Take a problem that is all 64-bit integer math and has a branch every couple hundred instructions and GPUs will do for crap on it. However a supercomputer with general purpose CPUs will do as well on it as basically anything else.
That was always true of supercomputers. In fact the stuff that runs well on CUDA now is almost precisely the same stuff that ran well on Cray vector machines - the classic stereotype of "Supercomputer"! Thus I do not see your point. The best computer for any particular task will always be one specialized for that task, and thus compromised for other tasks.

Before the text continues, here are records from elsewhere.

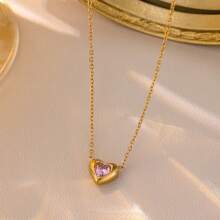 1pc Minimalist Fashion Versatile Stainless Steel Heart Pendant Necklace, 18K Gold Plated Won't Fade, Unique Choker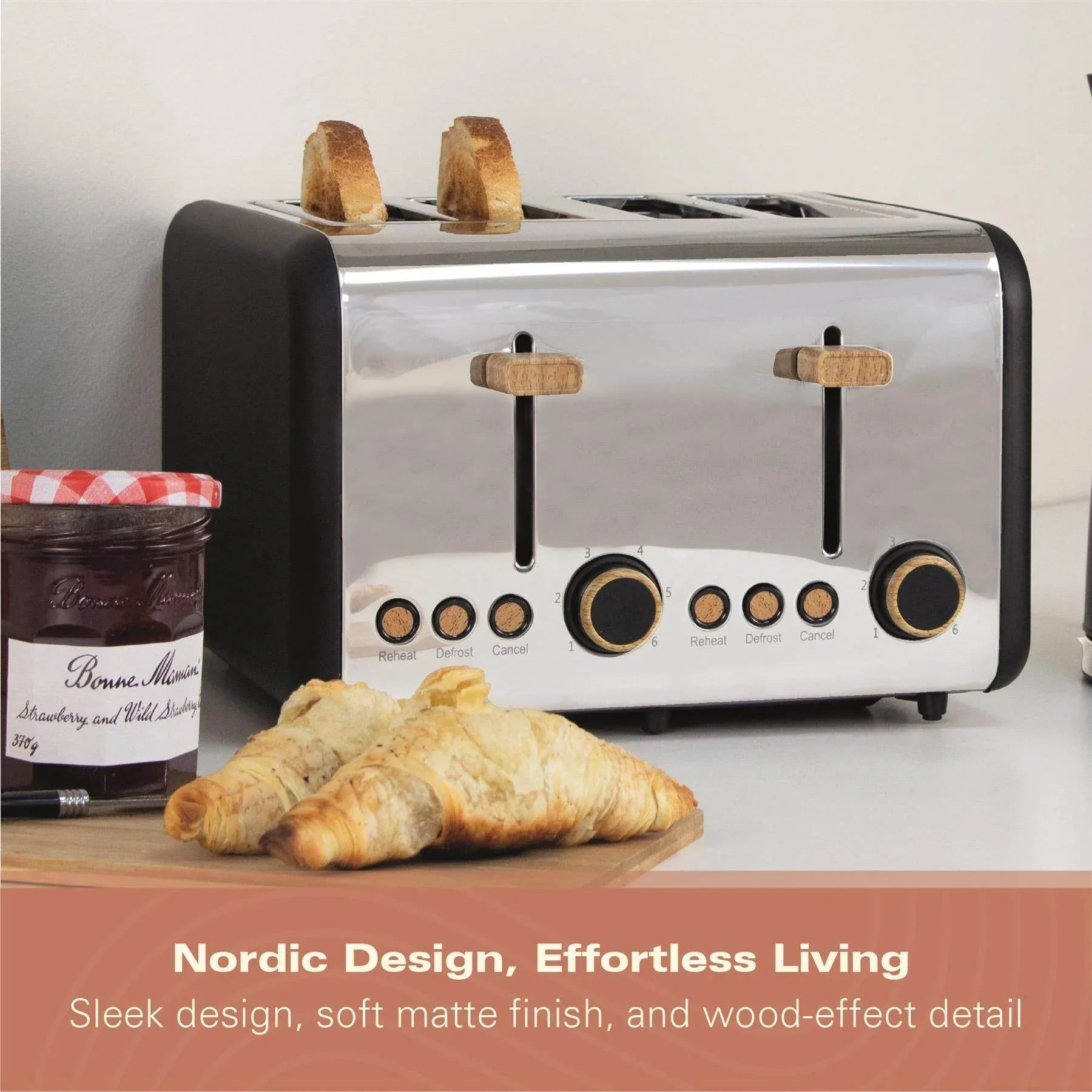 HAMILTON BEACH - Scandi 4 Slice Toaster - Matte Black with Wood Effect - HBT02MB - Kitchenary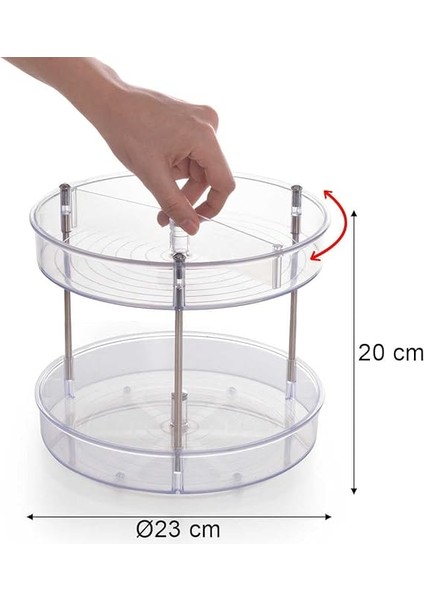 M-E64-16 Elpida Iki Katlı Döner Raf, 20 x 23 Cm, Şeffaf fırsatları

BTW, newer GPUs support double precision.
Re:GPU accuracy by kpesler · 2009-12-17 06:39 · Score: 2, Interesting

I have not tried it for two reasons. First, to my knowledge there are no large public machines in the US being planned using AMD GPUs, so there is relatively little incentive to port the code to OpenCL. We run on large clusters and it appears for the moment that NVIDIA has the HPC cluster market tied up. Second, while OpenCL is quite similar to CUDA in many respects, it's also significantly less convenient from a coding perspective. NVIDIA added a few language extensions that makes launching kernels nearly as simple as a function call. As a pure C library, OpenCL requires much more setup code for each kernel invocation. If there was a strong incentive, such as the construction of a large NSF or DOE machine with AMD GPUs, I'd probably port it anyway, but without such a machine, it's not worth the time and effort. It's important to note that on GPUs, peak performance data often doesn't translate into actual performance numbers. The 4870 had a higher peak floating point rate than the G200, but in graphics and some other benchmarks, the G200 usually came out ahead. I don't know if this will also be the case with Fermi vs. 5870's. Finally, another large consideration is that AMD is pretty far behind on the software end. Besides mature compilers for both CUDA and OpenCL, NVIDIA provides profilers and debuggers that can debug GPU execution in hardware, and there is a growing ecosystem of CUDA libraries. For the sake of competition, I hope AMD adoption grows, but I've gotten the impression they are just not investing that much in general-purpose GPU computing.